(Task goal): The records must be retyped exactly, with no pictures included.

==== Data provided

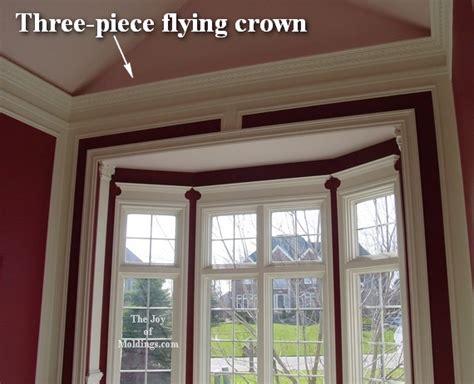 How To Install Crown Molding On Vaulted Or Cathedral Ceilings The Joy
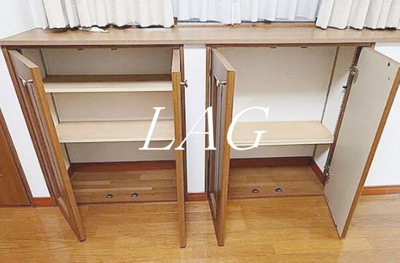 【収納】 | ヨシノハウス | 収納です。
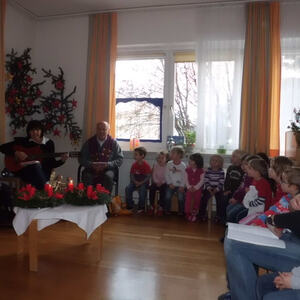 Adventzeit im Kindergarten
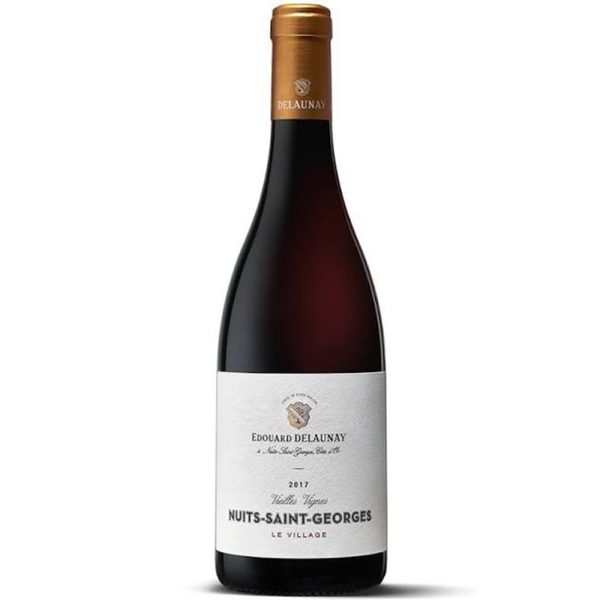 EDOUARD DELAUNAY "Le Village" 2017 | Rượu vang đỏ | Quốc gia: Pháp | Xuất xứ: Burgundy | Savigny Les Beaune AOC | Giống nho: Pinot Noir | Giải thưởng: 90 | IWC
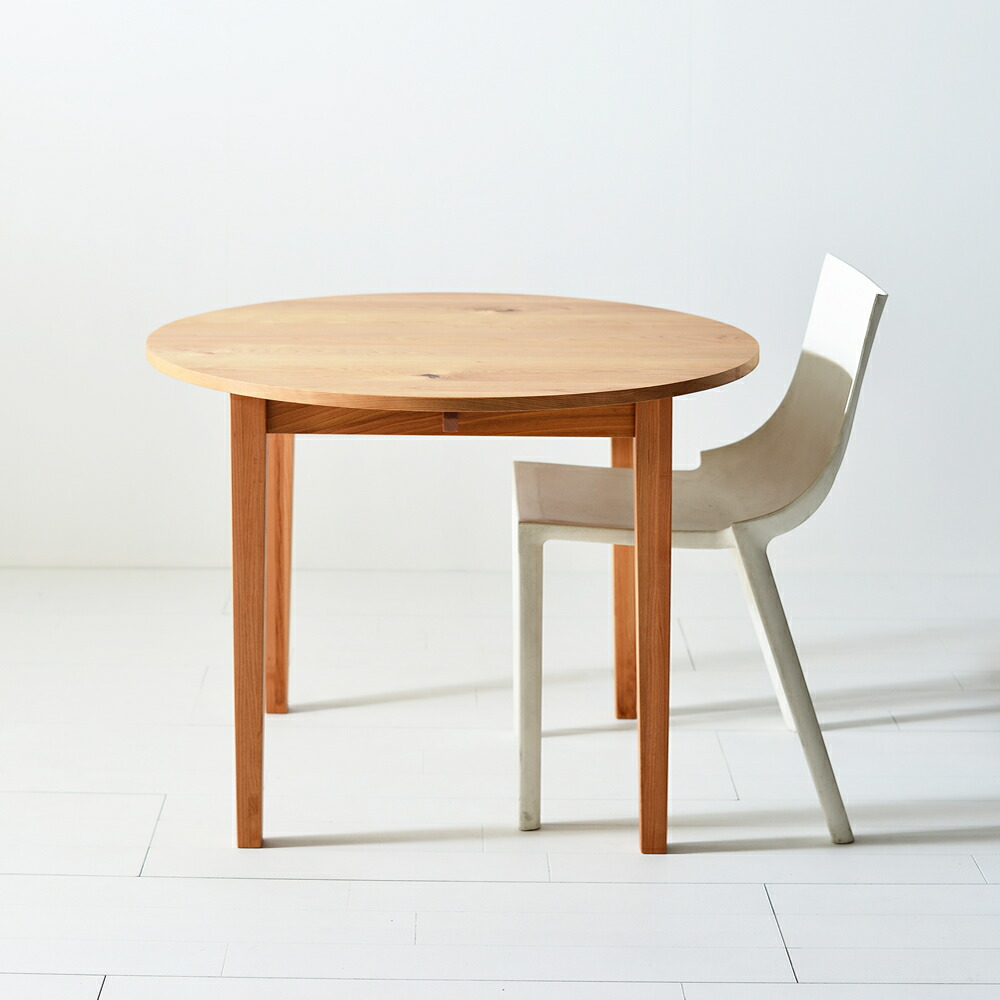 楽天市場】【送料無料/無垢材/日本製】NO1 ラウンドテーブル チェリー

========

(Result of this exercise):
 How To Install Crown Molding On Vaulted Or Cathedral Ceilings The Joy
 【収納】 | ヨシノハウス | 収納です。
 Adventzeit im Kindergarten
 EDOUARD DELAUNAY "Le Village" 2017 | Rượu vang đỏ | Quốc gia: Pháp | Xuất xứ: Burgundy | Savigny Les Beaune AOC | Giống nho: Pinot Noir | Giải thưởng: 90 | IWC
 楽天市場】【送料無料/無垢材/日本製】NO1 ラウンドテーブル チェリー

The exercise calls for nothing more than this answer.